Here, we unambiguously identify numerous metazoan-specific proteins that are first recruited to human spliceosomes at the C* complex stage. We subsequently perform comprehensive structural and global functional analyses of human C* proteins. Small interfering RNA (siRNA)–mediated knockdowns of 13 of the C* proteins, followed by RNA sequencing (RNA-seq), demonstrated that many of them play a role in alternative splicing, particularly in the selection of alternatively spliced NAGNAG 3′ss. Cryo-EM coupled with protein cross-linking allowed us to map the previously unknown location of several of the latter proteins in hC*. The 3D structural organization of C* proteins that modulate 3′ss selection reveals how, by stabilizing the RNP conformation of the C* complex, they likely promote docking of the 3′ss into the C* active site and further provides mechanistic insights into how they control NAGNAG 3′ss selection. We could also map the path of the PPT loop between the BS-A and the docked 3′ss and elucidate how it is stabilized in a protein pocket formed in part by C* proteins. This allowed us to generate a model for how the PPT loop is involved in a potential scanning mechanism that leads to the preferential selection of the proximal 3′ss. By combining extensive RNA-seq analyses of multiple C* protein knockdowns with cryo-EM, our data provide new insights into the roles of metazoan-specific spliceosomal proteins in alternative 3′ss selection and reveals widespread regulation of alternative splicing after step 1, at the C* complex stage.

RESULTS

Identification of proteins enriched in the hC* complex

Identifying the precise stage when proteins are recruited to the spliceosome is important for defining their potential functions and also facilitates the identification and placement of spliceosomal proteins located in less well-resolved regions of cryo-EM spliceosome structures. To identify proteins first recruited during C* complex formation, we affinity-purified human spliceosomal complexes, formed on either PM5 or MINX/MINXGG pre-mRNA (fig.

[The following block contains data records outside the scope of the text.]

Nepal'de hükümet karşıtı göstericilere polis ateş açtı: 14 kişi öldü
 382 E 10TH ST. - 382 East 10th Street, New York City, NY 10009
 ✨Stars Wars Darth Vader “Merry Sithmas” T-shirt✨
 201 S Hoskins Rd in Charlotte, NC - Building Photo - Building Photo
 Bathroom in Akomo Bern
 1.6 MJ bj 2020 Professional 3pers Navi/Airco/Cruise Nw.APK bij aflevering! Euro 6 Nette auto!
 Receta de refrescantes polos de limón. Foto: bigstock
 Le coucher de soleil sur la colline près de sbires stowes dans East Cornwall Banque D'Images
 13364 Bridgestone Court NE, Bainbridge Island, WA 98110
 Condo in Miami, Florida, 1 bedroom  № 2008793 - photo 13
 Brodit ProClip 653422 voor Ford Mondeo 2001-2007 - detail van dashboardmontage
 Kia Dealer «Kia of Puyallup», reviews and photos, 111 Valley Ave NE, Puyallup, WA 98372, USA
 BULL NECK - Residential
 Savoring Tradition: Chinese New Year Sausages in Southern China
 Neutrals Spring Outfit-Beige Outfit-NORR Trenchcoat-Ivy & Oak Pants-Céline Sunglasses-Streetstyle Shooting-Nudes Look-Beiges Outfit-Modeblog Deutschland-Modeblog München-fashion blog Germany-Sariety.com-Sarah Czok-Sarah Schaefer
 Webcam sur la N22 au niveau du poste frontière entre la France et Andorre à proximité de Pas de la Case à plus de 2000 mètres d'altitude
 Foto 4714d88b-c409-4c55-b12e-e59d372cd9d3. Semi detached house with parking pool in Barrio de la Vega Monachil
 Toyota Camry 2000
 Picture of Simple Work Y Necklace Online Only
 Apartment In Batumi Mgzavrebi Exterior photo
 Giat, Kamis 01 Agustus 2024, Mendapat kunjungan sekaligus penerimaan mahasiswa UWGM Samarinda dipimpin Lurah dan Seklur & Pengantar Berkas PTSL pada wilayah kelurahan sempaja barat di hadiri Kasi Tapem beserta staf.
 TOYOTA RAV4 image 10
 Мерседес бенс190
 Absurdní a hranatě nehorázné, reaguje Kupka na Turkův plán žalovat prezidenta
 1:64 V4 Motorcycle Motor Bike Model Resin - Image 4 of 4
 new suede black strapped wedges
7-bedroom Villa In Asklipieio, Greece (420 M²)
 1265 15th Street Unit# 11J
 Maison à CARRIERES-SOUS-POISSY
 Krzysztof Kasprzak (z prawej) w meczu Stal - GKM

S1A), that were stalled either directly before PRP16 action (i.e., at the C stage) or directly before the second catalytic step of splicing (i.e., at the C* stage). Both PM5 and MINXGG C* complexes contained predominantly pre-mRNA splicing intermediates and U2, U5, and U6 snRNA (fig. S1B). Mass spectrometry (table S1) and immunoblotting (fig. S1C) revealed that a large number of proteins not found in S. cerevisiae spliceosomes are predominantly recruited during the C-to-C* complex transition—henceforth denoted C* proteins—although several are still present in the hP complex (13) (see also below). These include, among others, FAM32A, SDE2, CACTIN, PRKRIP1, NKAP, TLS1, CXORF56, FAM50A, PPIL3, PPIG, ESS2, and NOSIP, the RNA helicases DDX41 and DHX35, and GPATCH1, a potential DHX35 activating protein (fig. S1D). As these proteins are recruited directly before step 2, they likely function at the C* or a later stage of splicing and potentially regulate alternative 3′ss selection after catalytic step 1. Consistent with their designation as C* complexes, C-specific proteins, as well as the pre-C* protein FAM192A (7), are underrepresented or absent in PM5 and MINXGG complexes assembled in the presence of wild-type (WT) PRP16 (fig. S1C and table S1).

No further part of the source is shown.